One conclusion from the Guatemalan and Philippines experiences is that consultation processes – while providing a valuable opportunity to identify issues and build consensus – may be weaker forms of participation than the 'representative' model. At worst, they can be a superficial public relations exercise; at best, they can be an opportunity to contribute ideas to the political debate while strengthening the legitimacy of different elements of civil society to have a voice in policy-making.
The Malian inter-community meetings, the Mogotes Municipal Constituent Assembly in Colombia and South Africa's local and regional peace committees all reveal another mode of participation based on the direct involvement of members of the public in localised peacemaking. In each of these cases, local civic leaders instigated and managed processes engaging all interested community members in developing and implementing agreements to address the aspects of a conflict within their control. In Mali, a number of attempts by the government to negotiate a political settlement with the armed movements leading a separatist insurgency in the north resulted in agreements that failed to stop the fighting. Instead previously inter-dependent communities began to fracture along new lines of conflict. Kåre Lode describes how a group of non-governmental facilitators, drawing on traditions of community decision-making, stimulated a comprehensive series of locally-led inter-community meetings throughout the north that resulted in localised ceasefire agreements and strategies for addressing the main sources of conflict. The cumulative effect of this process was consensus on development priorities, an end to the war and the space for national reconciliation.

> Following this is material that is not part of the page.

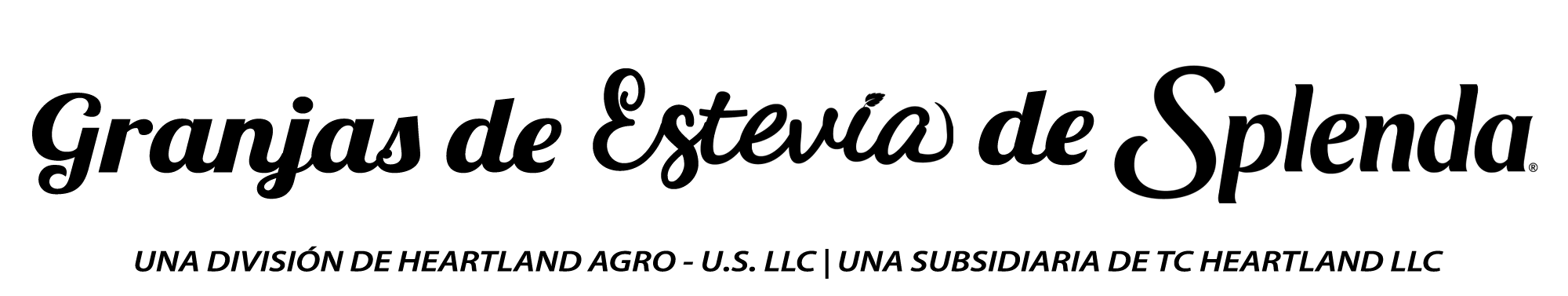 Splenda Stevia Farms Logo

As Monseñor Gomez Serna describes, the citizens of Mogotes, Colombia were vulnerable to various armed groups and subject to corrupt authorities that promoted the interests of local elites. Inspired by the idea of popular sovereignty and triggered by the kidnapping of the local mayor by an armed group, citizens mobilised in protest to reclaim the local government. They created a Municipal Constituent Assembly based on principles of direct democracy, formulated an integral development plan, and created a community independent of all non-state armed groups. Mogotes thus became one of the first of Colombia's numerous 'zones of peace'. Although unable to address the conflict at the national level, they have created spaces of relative peace and begun to model a new kind of politics and governance.
In South Africa's deeply divided and segregated society, escalating political violence threatened the process of negotiations and devastated many communities. To address this problem, the political parties – in a process distinct from and prior to the constitutional talks – negotiated the National Peace Accord. As Chris Spies documents, it mandated a system of national, regional and local violence monitoring and mitigation structures, including regional and local peace committees that involved local people from differing backgrounds in proactively mediating disputes and facilitating localised agreements on the conduct of political events. By de-escalating conflicts at the local level, they made an important contribution to stabilising the country so that the national negotiations to decide the political future could progress.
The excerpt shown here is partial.